So, how did God’s love show up in my adoption story?
When I placed my child for adoption, I know that the Lord was as devastated as I was. Instead of celebrating the separation, I think He felt deep sadness for what we were going through and the challenges ahead. My pregnancy and adoption experience caused me to rebel and lash out at those who were most important to me, and it affected every aspect of my life. I felt jaded toward the church for the shame I endured during my pregnancy and spent many years dodging God and his desires for my life. I felt that I had made such a grave error that my actions and behaviors no longer mattered. I had been so careful my whole life to walk a straight path, and look where it got me.
It wasn’t until I realized that God was angry, too, that I was able to heal and experience His love in ways I hadn’t before. He was just as frustrated about the mistreatment I endured and disappointed with the way society’s messages led me to feel inadequate. It wasn’t God who let me down during the most vulnerable time of my life; it was society.
Growing up, I failed to see God as dynamic. Obligation and fear were the primary guides in my immature relationship with Christ. I didn’t want to make a mistake for fear of the consequences. That superficial understanding lacked a crucial element: the knowledge that God was in my corner. He wasn’t waiting for me to make a mistake just to say, “I told you so.” He was waiting to show me the depth of His love and grace.
Because of that revelation, I have a greater appreciation for the human condition and see now that we are all in this together. We must remember that no one is perfect when learning to love in our adoption triad and beyond.
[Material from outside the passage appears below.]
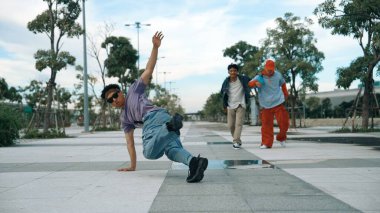 Çekici dansçı break dans yapar ya da arkadaşının önünde serbest dans eder ve ona tezahürat yapar. Profesyonel yakışıklı parkta şık elbiseler giyerken ayak hareketleri yapıyor. Açık hava sporu 2024. Yumuşak bir şekilde..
Adoptive parents aren’t perfect.
Birth parents aren’t perfect.
Adoptees aren’t perfect.
And that fact should provide us with some comfort and freedom. Loving one another in this space is much easier when we let go of judgment or feelings of entitlement. When we can approach adoption with a collective desire to be good stewards of our skills, gifts, and children, we can honor Christ through it all and learn to thrive in unity.
Love is not enough if we only express it when it’s convenient, because love is more than just a feeling. Love is an action.
Love defends and perseveres. Love comforts and grieves alongside us. Love is angered by mistreatment. Love is dynamic and stands in your corner. Love shows up when no one else is willing. Love braves the discomfort. Love is willing to meet people where they are at. Love challenges us to do and be better. Love is what ties us all together so that we can experience God’s goodness here on earth.